Una habitación pobremente iluminada, solo una pequeña y
tambaleante lámpara colgante proyecta su luz hacia una mesa redonda, de suave
tapiz verde, alrededor de la cual se encuentran cuatro personas. Mauro,
párpados perezosos y barba pelirroja. A su derecha, Daniel, de cuidado cabello
oscuro y ademanes enérgicos. Frente a él, la
desconocida. Nariz aguileña y mirada de buitre tras unas lentes
rectangulares. Y a la izquierda de esta, Amanda.
Se repartieron las cartas para una nueva mano. Amanda
observó su juego, y de repente no estuvo segura de qué tan bueno era. Hasta
ahora era ella quien venía ganando, pero esta vuelta su suerte flaqueó.
Recientemente se había sumado a la partida aquella chica con cara de ave carroñera,
de manera silenciosa se había infiltrado entre los tres jugadores. Ocultó sus cartas de cara a la mesa, y se
cruzó de brazos con paciencia, inmutable. Amanda se fijó también en sus
compañeros; Mauro ladeaba la cabeza hacia la izquierda, escrutando sus cartas
con aire pensativo, presente su habitual gesto de acariciarse la barba de la
pera. Daniel era una mezcla de solemnidad y triunfo, la seguridad se leía en
sus ojos evidenciando que sabía perfectamente qué es lo que estaba haciendo. Y
Amanda… Amanda ya no confiaba en sus cartas. Todos se percataron de aquello.
- Que seas tan
expresiva y tan poco comunicativa a la vez. Tu cara delata emociones, pero
nunca querés decirme qué te pasa exactamente.
- ¿Tenés un rey? – preguntó Daniel con cierto deje
desafiante.
- ¿Tengo un rey? – Mauro lo miró fijamente.
- ¿Sí?
- ¿O no?
- ¿Entonces?
- No creas que no tengo un rey – concluyó el pelirrojo,
tras una confusa pausa. Parecía entre satisfecho y divertido.
- No entiendo – intervino Amanda apretando los dientes.
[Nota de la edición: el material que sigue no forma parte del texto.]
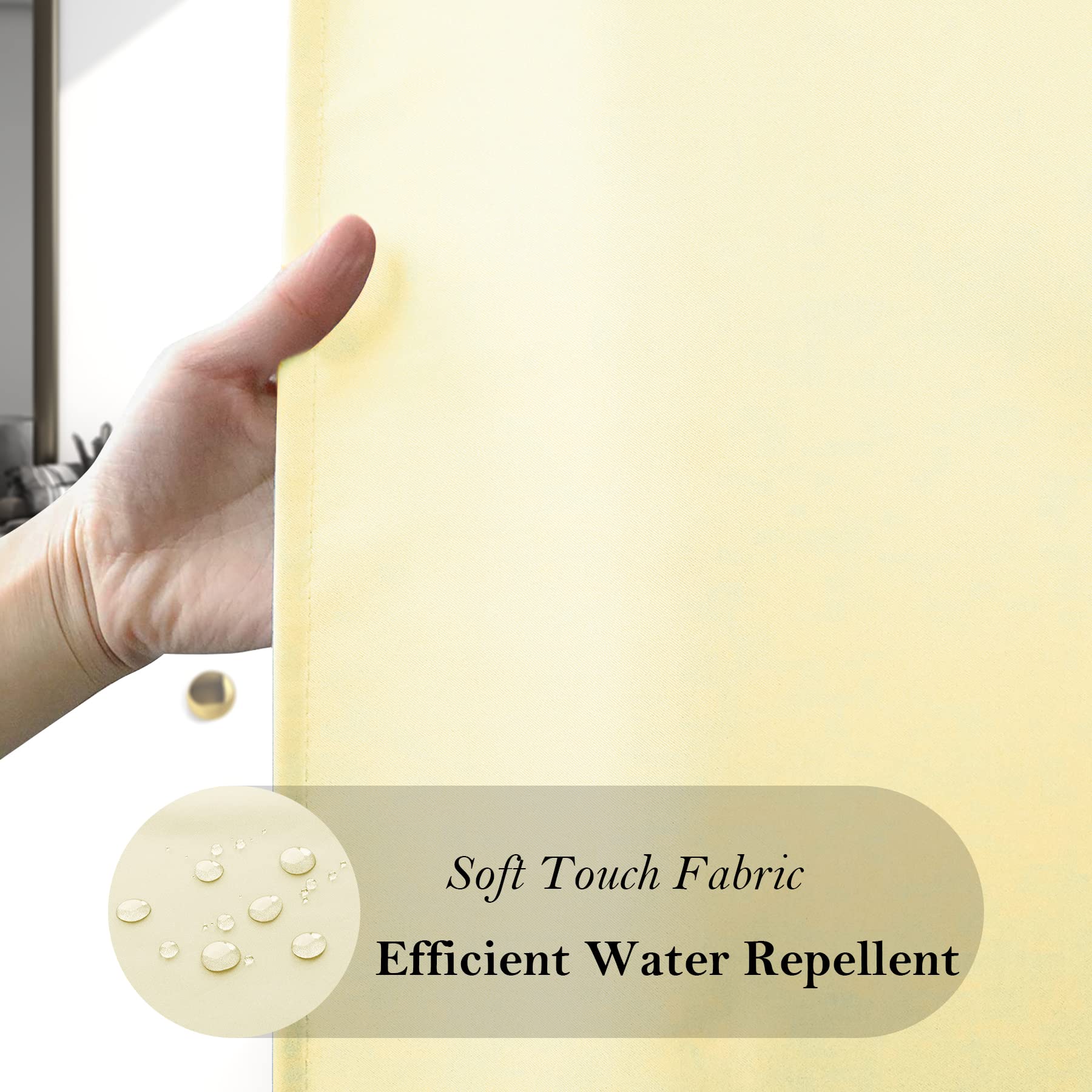 Aoohome Shower Curtain Liner, Fabric Bathroom Curtain With Hooks For Hotel, Weighted Hem, Water Repellent, Beige, 72 X 75 Inch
- Yo tampoco – se encogió de hombros Mauro, como si
repentinamente se hubiera olvidado de qué estaban hablando.
- ¿Y a vos? ¿Qué te
desagrada de mi persona?
- Que a veces seas
tan jodidamente indirecto. Me exaspera.
La chica con cara
de ave no emitió ningún sonido, se limitó a observar con concentración. Pero
¿en qué estaba concentrada? se preguntó Amanda. Su silla estaba más cerca de
Mauro, y su sombra se cernía sobre su cuerpo delgado. Daniel la codeó delicadamente,
sacándola de su ávido escrutinio, y con mucho disimulo le mostró el papel en el
que llevaban la cuenta del puntaje. Cuidado,
rezaba la pulcra letra del chico en una esquina. Amanda clavó la vista en los
ojos de su amigo, que sin palabras demostró haberse percatado de lo mismo que
la chica.
Mauro carraspeó, y el juego continuó. La figura
amenazante del ave rapaz, que había comenzado incomodando a Amanda, ahora le
resultaba completamente repulsiva. Un
centímetro más… Ya no quería jugar. Ella nunca quiso jugar con Mauro, y
hubiera preferido que él tampoco lo deseara. El rostro de aquél durante el
juego era inescrutable, cara de póker permanente. Inmóvil, usaba sus cartas con
demasiada serenidad; nadie sabía nunca si era la tranquilidad del profesional o
la estrategia de despiste del pésimo jugador. La mirada de Amanda se topó con
los herméticos ojos de Mauro, la expresión de él se ablandó.
- Te quiero. –
admitió ella, sin esperar realmente una respuesta. Envuelta en sus brazos, apoyó
la mejilla en su hombro. Cerró los ojos, casi resignada.
- ¿Quién dijo que
yo no? – le susurró él, abrazándola con fuerza. Sus labios se unieron una vez
más.
Amanda se preguntó cuánto tiempo soportaría seguir con el juego. La magia de la noche transcurría; tal vez esperaría para ver si finalmente caía el rocío.